Nous savons bien qu’il en allait ainsi jusqu’à présent pour les autorités dont le texte, modifié par les amendements de notre rapporteur, envisage le regroupement, et cela en dépit de l’unanime bonne volonté des uns et des autres.

Dans ces conditions, il importe de se poser deux questions aussi simples qu’essentielles.

D’une part, ce regroupement se traduira-t-il, même de manière infinitésimale, par une diminution des pouvoirs relevant jusqu’alors du Défenseur des enfants, de la CNDS ou de la HALDE, et donc par une régression en termes de protection des droits et libertés ?

D’autre part, l’institution du Défenseur des droits se limitera-t-elle à une mesure de simplification, au demeurant déjà opportune, ou permettra-t-elle de notables avancées dans tous les domaines relevant de sa compétence ?

Dans le remarquable rapport de notre collègue Patrice Gélard, un tableau répond à la première question bien mieux que ne pourrait le faire une longue argumentation. Ce tableau comparatif des pouvoirs du Défenseur des droits et de ceux des autorités de défense des droits et libertés qu’il remplace nous montre que, sur l’ensemble des pouvoirs et attributions, la solution maximale a été retenue.

Il en va ainsi pour les recommandations, tant en droit qu’en équité, pour la publication d’un rapport spécial, après recommandation et injonction non suivies d’effets, pour la transaction, pour la présentation d’observations devant les juridictions, pour la saisine de l’autorité disciplinaire, pour la demande d’avis au Conseil d’État, pour l’interprétation de dispositions législatives et réglementaires, etc.

Bref, dans tous les cas de figure, les pouvoirs sont portés à leur niveau maximal. Pour permettre au défenseur des droits d’assumer dans les meilleures conditions ses compétences et d’assurer une identification rapide par l’opinion publique de ses différents secteurs d’intervention, la commission des lois a, sur proposition de son rapporteur, largement précisé l’organisation interne de cette nouvelle institution.

Le Défenseur nommera ses adjoints, dont trois seront respectivement chargés de le seconder en matière de déontologie de la sécurité, de défense et de promotion des droits de l’enfant et de lutte contre les discriminations.

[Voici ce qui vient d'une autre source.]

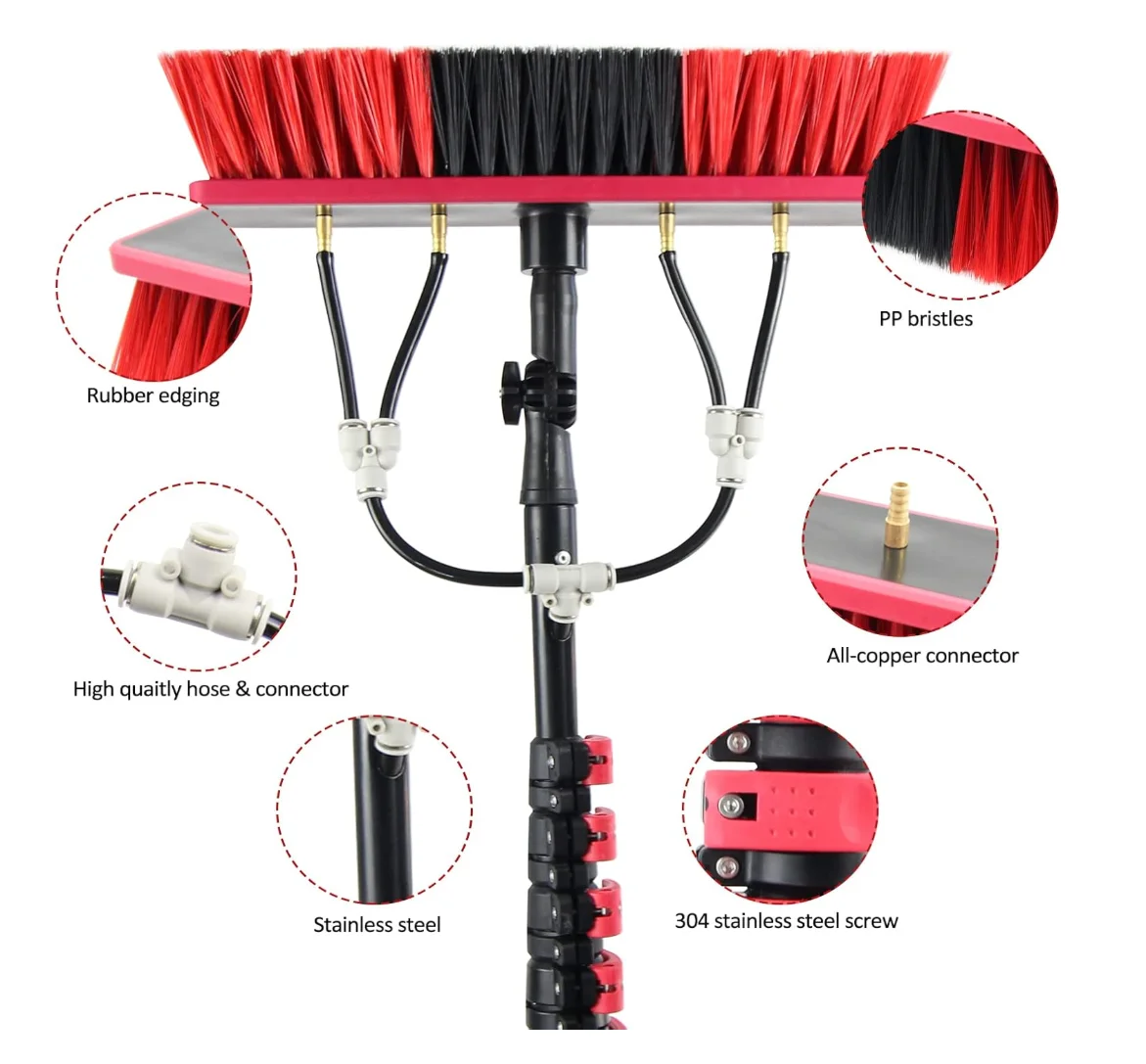 Factory Direct-sale High-altitude Carbon Fiber Telescopic Pole Photovoltaic Panel Cleaning Brush Solar Cleaning Equipment
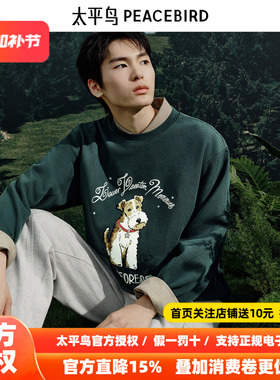 太平鸟男装 2026年春季新款圆领套头卫衣B1CRF1219
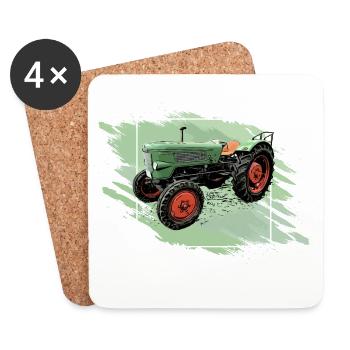 Traktor Favorit 1 - Untersetzer (4er-Set) - Weiß - Vorne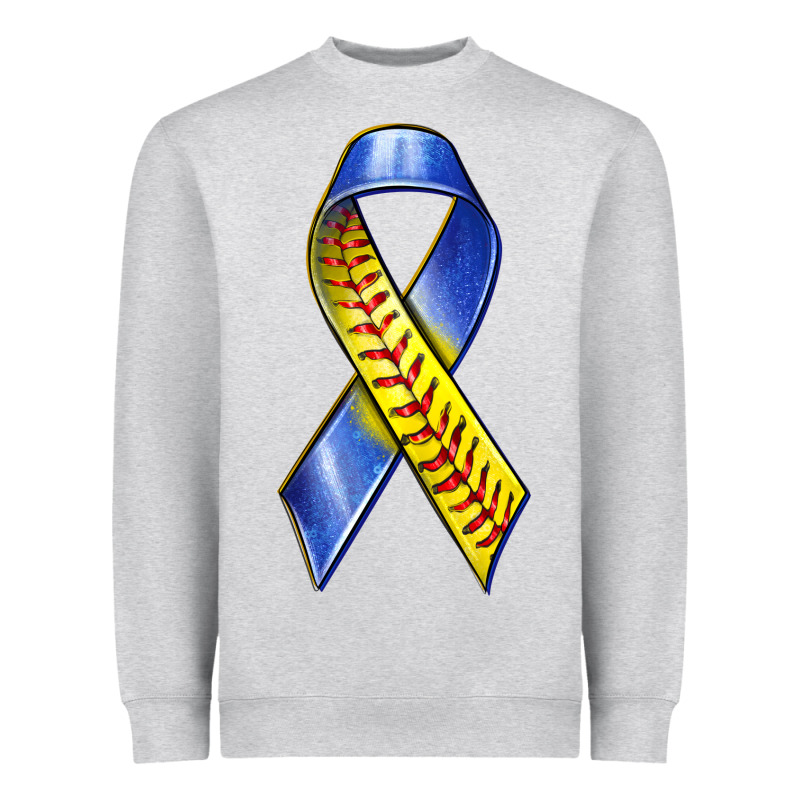 Down Syndrome Ribbon Softball Heavyweight Sweatshirt by texasbilliewilder | Teevron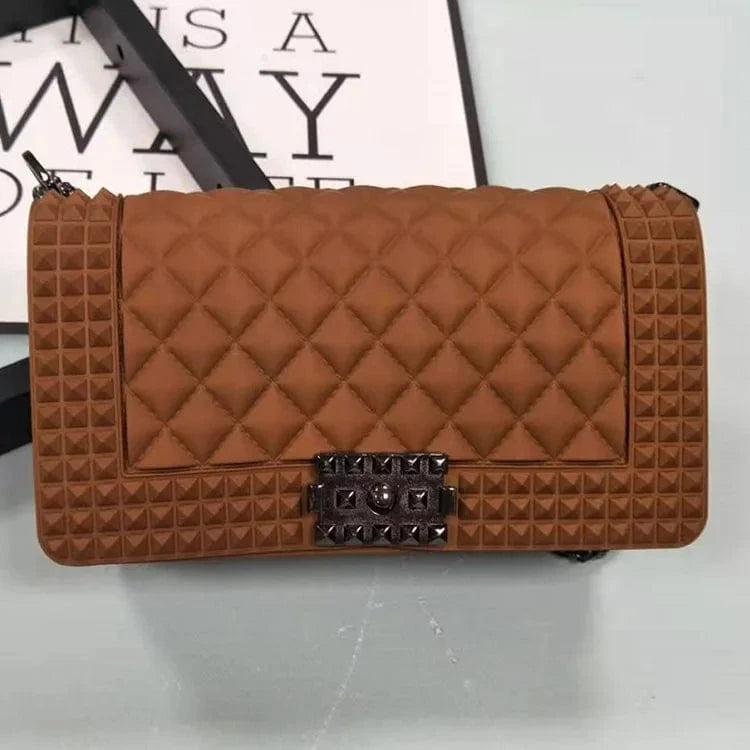 L: 25*8*14cm / Brown New Color Women Purses Chain Matte Frosted Lock Jelly Handbags Crossbody Bag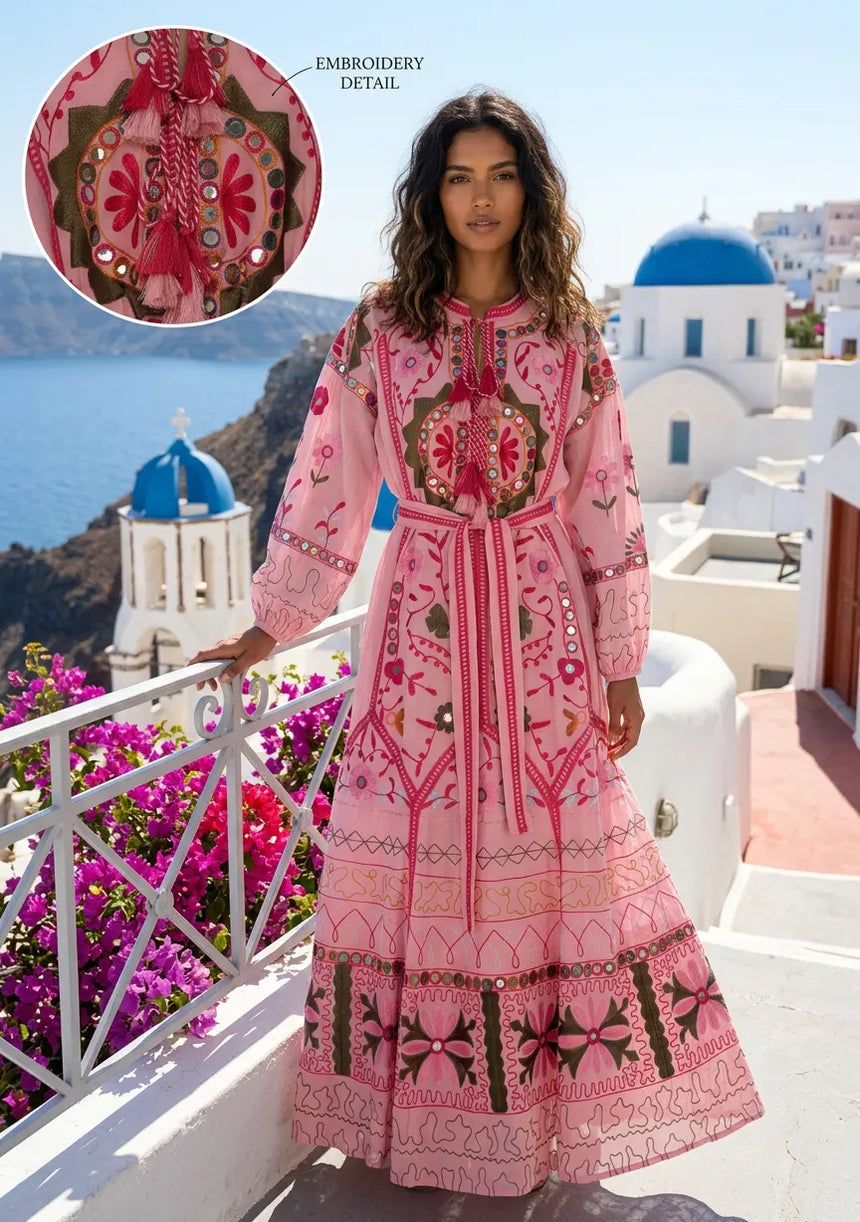 ibBan Pink Embroidered Cotton Maxi Dress | Women's Bohemian Resort Wear-Orla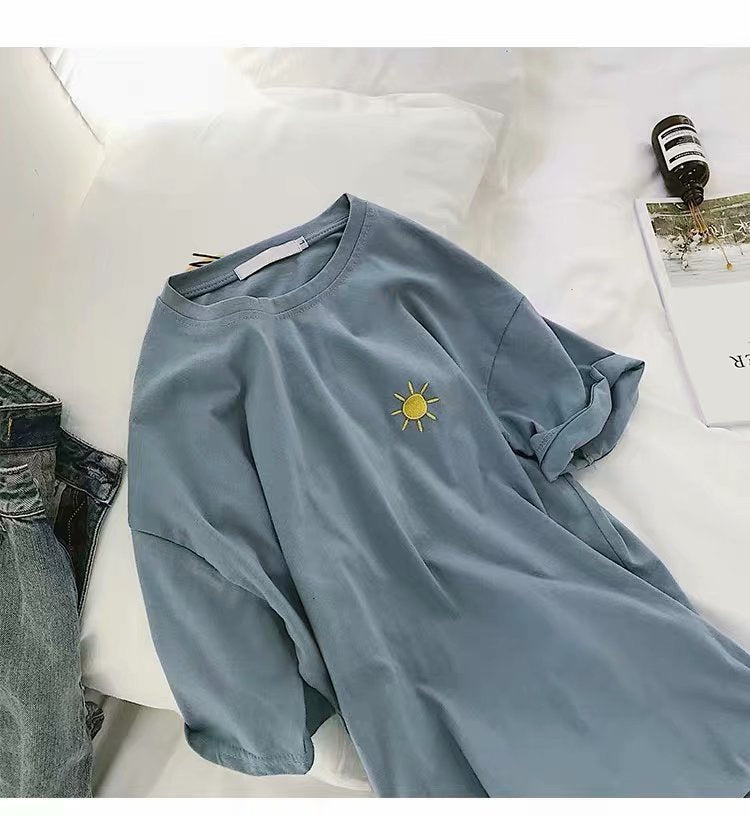 Weather fashion embroidery short sleeve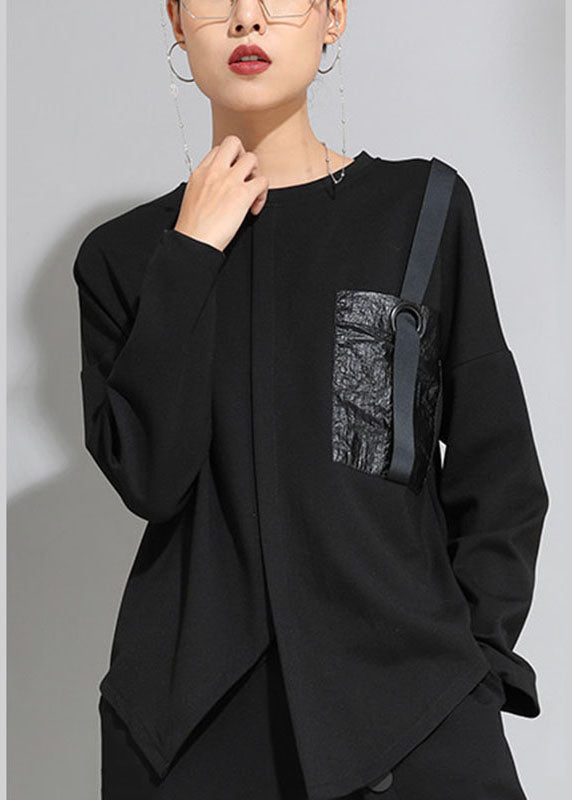 French Black O-Neck Pockets Asymmetrical Casual Fall Long sleeve Tops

Leur nomination sera soumise à l’avis des commissions des lois de l'Assemblée nationale et du Sénat.

De même, il sera le président de chacun des trois collèges chargés de l’assister dans ses compétences spécifiques, dont la composition et le mode de désignation s’inspirent des règles actuellement en vigueur.

Ne peut-on, dès lors, interpréter la multiplication des réticences largement exprimées ces dernières semaines comme l’expression de la volonté, somme toute compréhensible, de toute institution à se pérenniser en l’état ?

Comme l’écrivait un ancien candidat à la présidence de la République, plus connu pour ses talents d’écrivain et de poète, Alphonse de Lamartine, « borné dans sa nature, infini dans ses vœux, l’homme est un dieu déchu qui se souvient des cieux ».

Alors peut-être recherche-t-on parfois dans les institutions l’immortalité à laquelle on ne peut prétendre dans notre nature humaine. Cela expliquerait que, de la CNDS au défenseur des enfants, de la HALDE au juge d’instruction, du département à la région ou du pays au schéma de cohérence territoriale, il soit finalement si difficile dans notre pays de toucher à quoi que ce soit !

J’en viens à ma seconde question. Je suis convaincu que l’avènement du Défenseur des droits marquera un saut qualitatif au regard de l’état actuel de notre ordonnancement juridique. Cette évolution tiendra notamment au surcroît d’autorité morale et de prestige dont disposera cette nouvelle autorité constitutionnelle et à sa capacité à imposer ses décisions.

J’éprouve le plus grand respect et la plus grande estime, cher Jean-Claude Peyronnet, pour la qualité du travail de la CNDS. Mais quand, après avoir pris connaissance de ses avis particulièrement pertinents, par exemple sur l’attitude de tel surveillant de prison, le rapporteur pour avis du budget de l’administration pénitentiaire que je suis constate que le même surveillant exerce toujours dans le même établissement avec les mêmes responsabilités, je ne puis m’empêcher de penser que notre appareil juridique a tourné à vide.